**DATA FOR PROCESSING**
#####

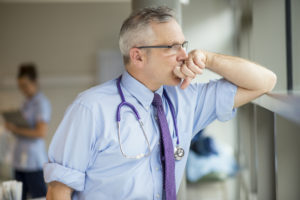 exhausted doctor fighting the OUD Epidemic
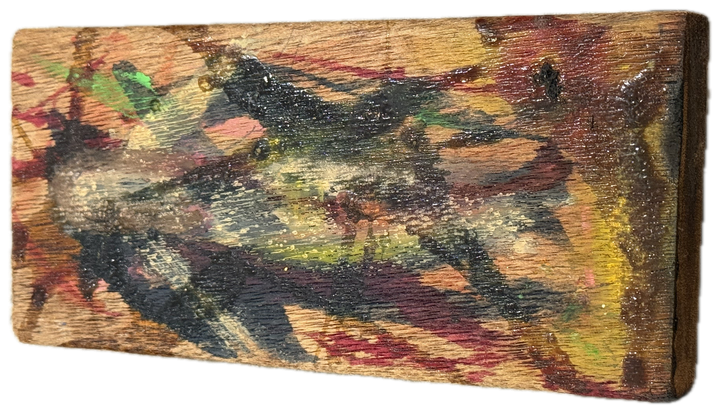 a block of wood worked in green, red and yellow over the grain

#####

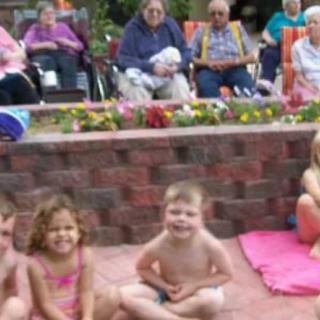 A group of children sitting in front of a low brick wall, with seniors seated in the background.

#####

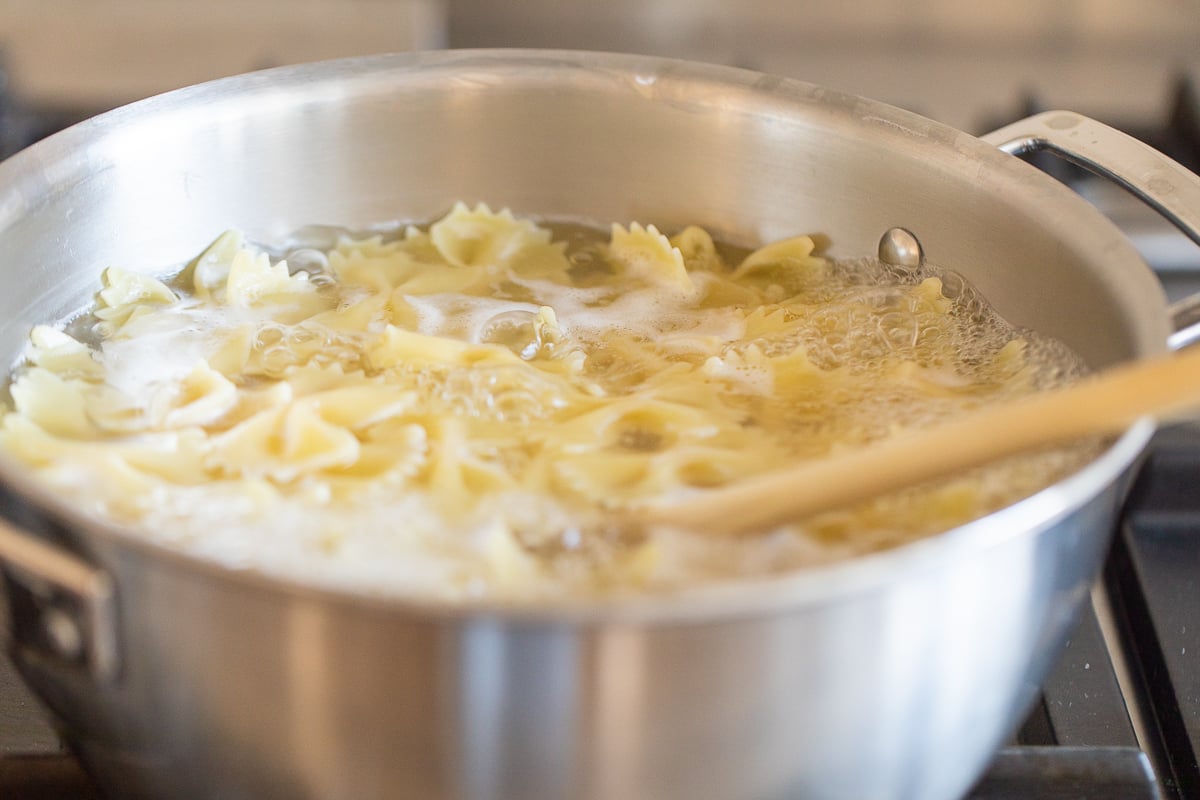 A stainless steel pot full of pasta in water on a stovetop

#####

**WHAT YOU HAVE TO DO**
Everything between and including the line above containing "exhausted doctor fighting the OUD Epidemic" and the line containing "a block of wood" should be reproduced exactly, with pictures excluded.

**OUTPUT OF THE TASK**
 exhausted doctor fighting the OUD Epidemic
 a block of wood worked in green, red and yellow over the grain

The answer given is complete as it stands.